When someone is over-allocated, it shows up red and negative. Not at sprint review, when it's too late — live, while I can still rebalance. That single view has saved me from the most common and most avoidable sprint failure there is: quietly loading one person past the point they can deliver, and only finding out when they miss.

This is resource management made visible. It turns "I think the team's a bit stretched" into "B is nineteen hours over capacity, and here's exactly what's causing it."

The second question: planned versus what got pulled in

A sprint almost never ends as the shape it began. Urgent client work, an infra issue, a late-surfacing dependency — it all arrives mid-sprint and quietly reshapes the plan.

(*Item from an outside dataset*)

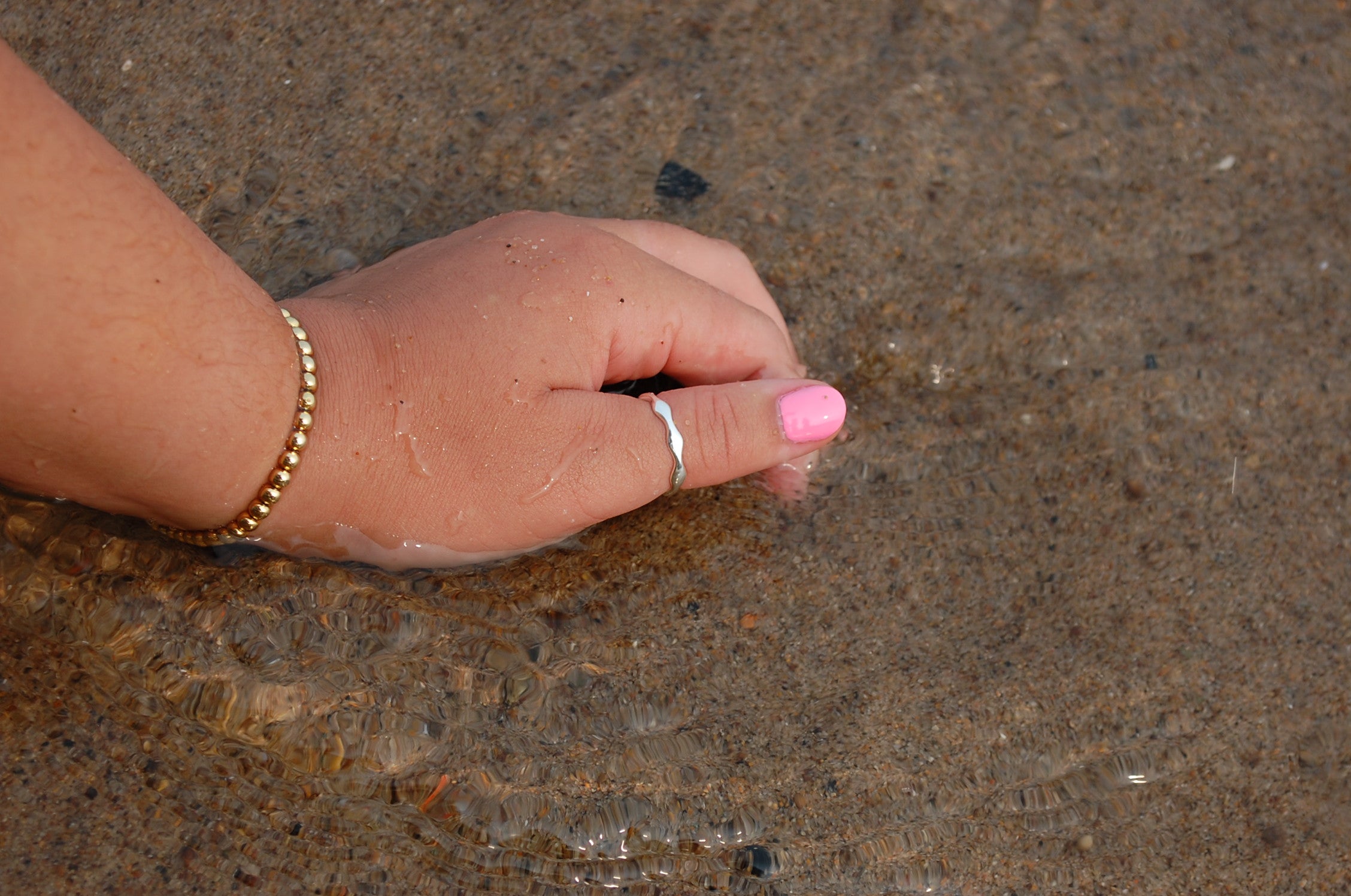 wavy baby ring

So the tracker separates effort into two streams from the start: estimated effort for planned work, and estimated effort for ad-hoc and ongoing work that wasn't in the original commitment. Both measured in hours, per person and across the sprint.

That separation is the difference between a fair sprint story and an unfair one. Instead of "we didn't finish everything," I can say: "We delivered all planned work and absorbed this much unplanned effort on top of it." Once you can see that unplanned number sprint after sprint, you can finally have the right conversation with stakeholders about how much firefighting is leaking into delivery — and do something about it.

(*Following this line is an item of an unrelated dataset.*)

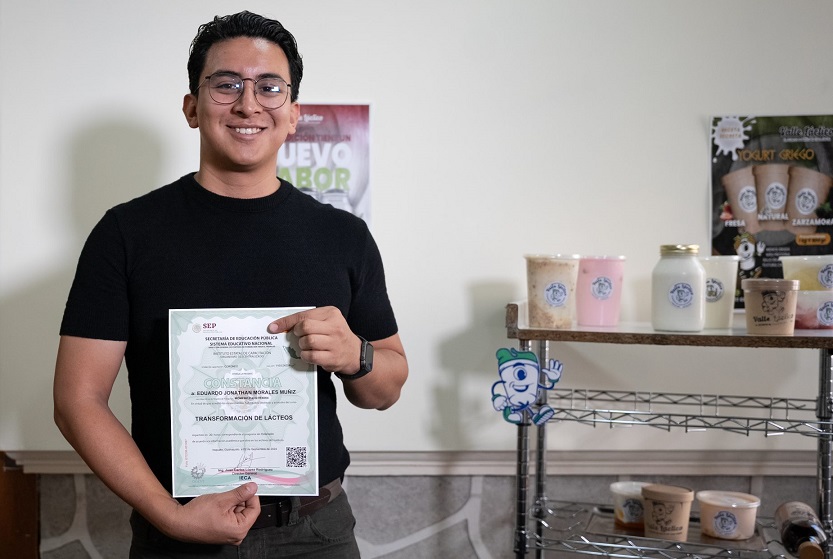 Eduardo boosts his Valle Lactico supported by IECA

It's also where the two-rhythm reality of how I work shows up in the data itself: Scrum for the planned stream, Kanban for the ad-hoc and ongoing stream, tracked side by side rather than tangled together.

The third question: is reality matching the plan?

This is where the tracker stops being a planning tool and becomes an early-warning system.

It pulls logged time alongside estimates, and surfaces the mismatches that quietly predict trouble:

  • Time logged exceeds the estimate — the work was under-scoped, and I should know now, not at review.

  • Time logged but zero progress — effort going in with nothing coming out. This is often the earliest visible sign of someone stuck, blocked, or heading down the wrong path. It's the flag I value most, because it catches problems while there's still time to help.

  • Remaining work in the sprint — a live read on what's genuinely left, not what the board optimistically implies.

These aren't numbers I have to go hunting for. The tracker writes them into a notes column automatically, in plain language, so the exceptions come to me.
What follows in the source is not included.